After preprocessing, the data directory follows this layout:
data/processed/
├── train/
│   ├── Animation/
│   │   ├── Cartoon/
│   │   │   └── processed_data.pt
│   │   └── Naruto/
│   │       └── processed_data.pt
│   ├── Flat_Content/
│   ├── Gaming/
│   └── Natural_Content/
├── val/
│   ├── Animation/
│   ├── Flat_Content/
│   ├── Gaming/
│   └── Natural_Content/
└── test/
    ├── Animation/
    ├── Flat_Content/
    ├── Gaming/
    └── Natural_Content/
Each processed_data.pt file is a PyTorch serialized dictionary containing the preprocessed video tensor stack, integer labels, filenames, and a per-subcategory category mapping.

Class Imbalance Handling

The dataset has unequal sample counts across categories. The training dataloader uses WeightedRandomSampler to ensure each class is seen proportionally during training.
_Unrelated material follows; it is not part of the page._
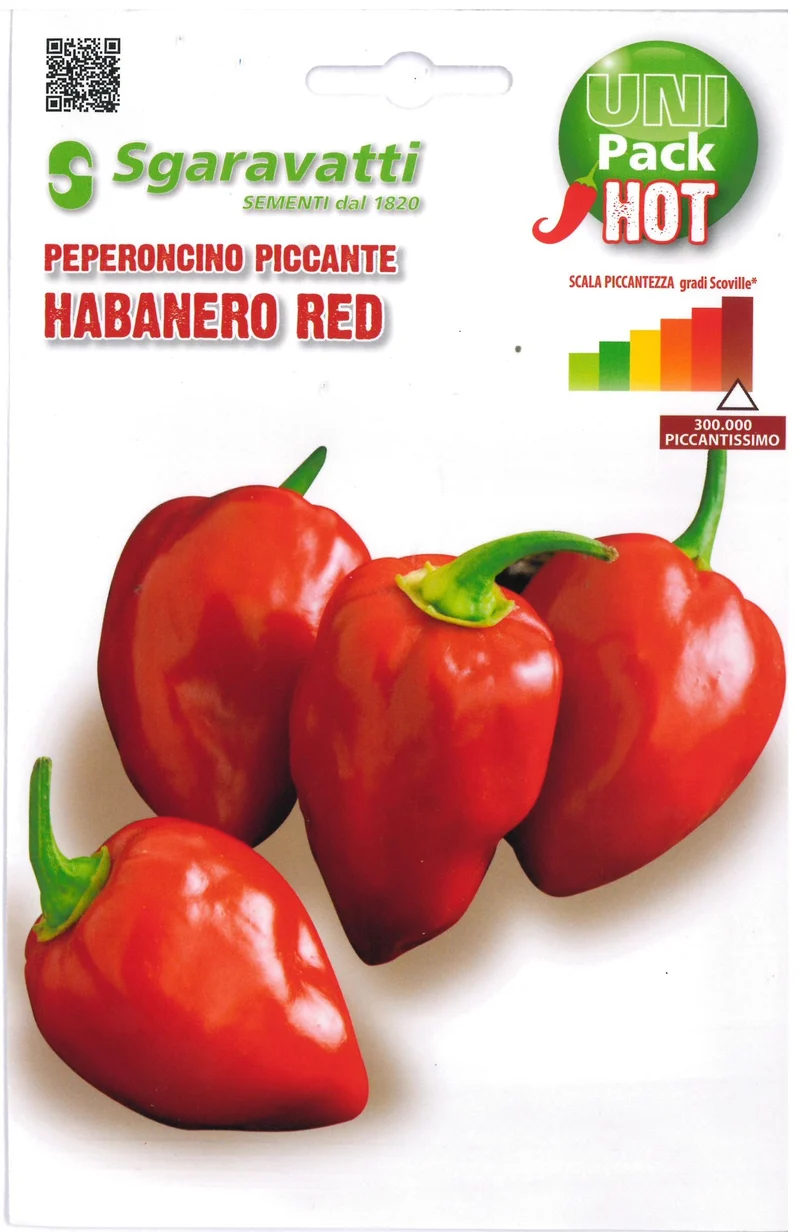 SEMI PEPERONCINO HABANERO UNIPACK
Class weights are computed per-video in EnhancedPreExtractedFeaturesDataset._compute_class_weights() and clipped to the range [0.5, 10.0] to avoid extreme oversampling:
def _compute_class_weights(self):
    num_classes = len(self.class_counts)
    total_samples = len(self.labels)

    weights = []
    for class_id in range(num_classes):
        if class_id in self.class_counts:
            weight = total_samples / (num_classes * self.class_counts[class_id])
            weight = min(max(weight, 0.5), 10.0)
        else:
            weight = 1.0
        weights.append(weight)

    return torch.FloatTensor(weights)
The sampler is then constructed using per-sample weights derived from the class weights:
sample_weights = train_dataset.get_sample_weights()
sampler = WeightedRandomSampler(
    weights=sample_weights,
    num_samples=len(train_dataset),
    replacement=True
)
The FocalLoss used during training also accepts per-class alpha weights, providing a second layer of imbalance correction at the loss level. See Optimization for details.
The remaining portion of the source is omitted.